I want to come now to the argument which Mr. Wilson is trying to put across the country: namely, that the Labour Party is the natural party of government because it is the only one that the trade unions will accept. From what I saw on television last week, the Labour Party did not look like a party of government at all, let alone a natural one.

But let us examine the argument, because it is important. If we are told that a Conservative Government could not govern because certain extreme leaders would not let it, then general elections are a mockery, we have arrived at the one-party State, and parliamentary democracy in this country will have perished. The democracy for which our fathers fought and died is not to be laid to rest as lightly as that.

When the next Conservative Government comes to power many trade unionists will have put it there. Millions of them vote for us at every election. I want to say this to them and to all of our supporters in industry: go out and join in the work of your unions; go to their meetings and stay to the end, and learn the union rules as well as the far Left knows them. Remember that if parliamentary democracy dies, free trade unions die with it.

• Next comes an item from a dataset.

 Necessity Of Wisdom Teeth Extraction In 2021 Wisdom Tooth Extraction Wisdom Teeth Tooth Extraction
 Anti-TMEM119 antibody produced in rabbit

I come last to what many would put first, the rule of law. The first people to uphold the law should be governments, and it is tragic that the Socialist Government, to its lasting shame, should have lost its nerve and shed its principles over the Peoples Republic of Clay Cross, and that a group of the Labour Party should have tried to turn the Shrewsbury pickets into martyrs. On both occasions the law was broken and on one violence was done. No decent society can live like that, and no responsible party should condone it. The first duty of government is to uphold the law, and if it tries to bob, weave and duck round that duty when it is inconvenient, the governed will do exactly the same thing, and then nothing will be safe, not home, not liberty, not life itself.

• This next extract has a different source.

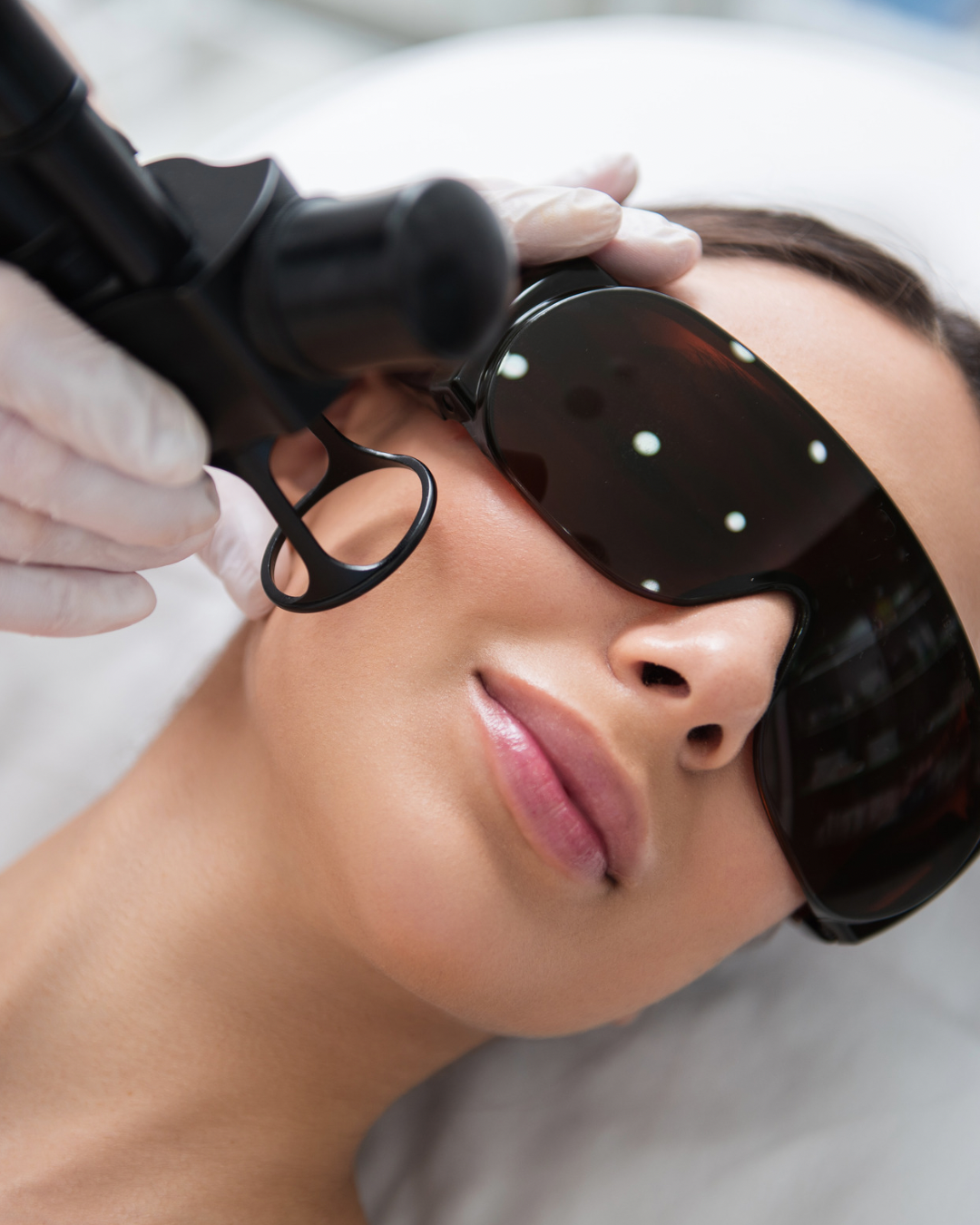CO2 Laser Full Face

There is one part of this country where, tragically, defiance of the law is costing life day after day. In Northern Ireland our troops have the dangerous and thankless task of trying to keep the peace and hold a balance. We are proud of the way they have discharged their duty. This Party is pledged to support the unity of the United Kingdom, to preserve that unity and to protect the people, Catholic and Protestant alike. We believe our Armed Forces must remain until a genuine peace is made. Our thoughts are with them and our pride is with them, too.

I have spoken of the challenges which face us here in Britain - the challenge to recover economically and the challenge to recover our belief in ourselves - and I have shown our potential for recovery. I have dealt with some aspects of our strength and approach and I have tried to tell you something of my personal vision and my belief in the standards on which this nation was greatly built, on which it greatly thrived and from which in recent years it has greatly fallen away. I believe we are coming to yet another turning point in our long history. We can go on as we have been going and continue down, or we can stop and with a decisive act of will say ‘Enough.’

Let all of us here today, and others far beyond this hall who believe in our cause, make that act of will. Let us proclaim our faith in a new and better future for our Party and our people; let us resolve to heal the wounds of a divided nation, and let that act of healing be the prelude to a lasting victory.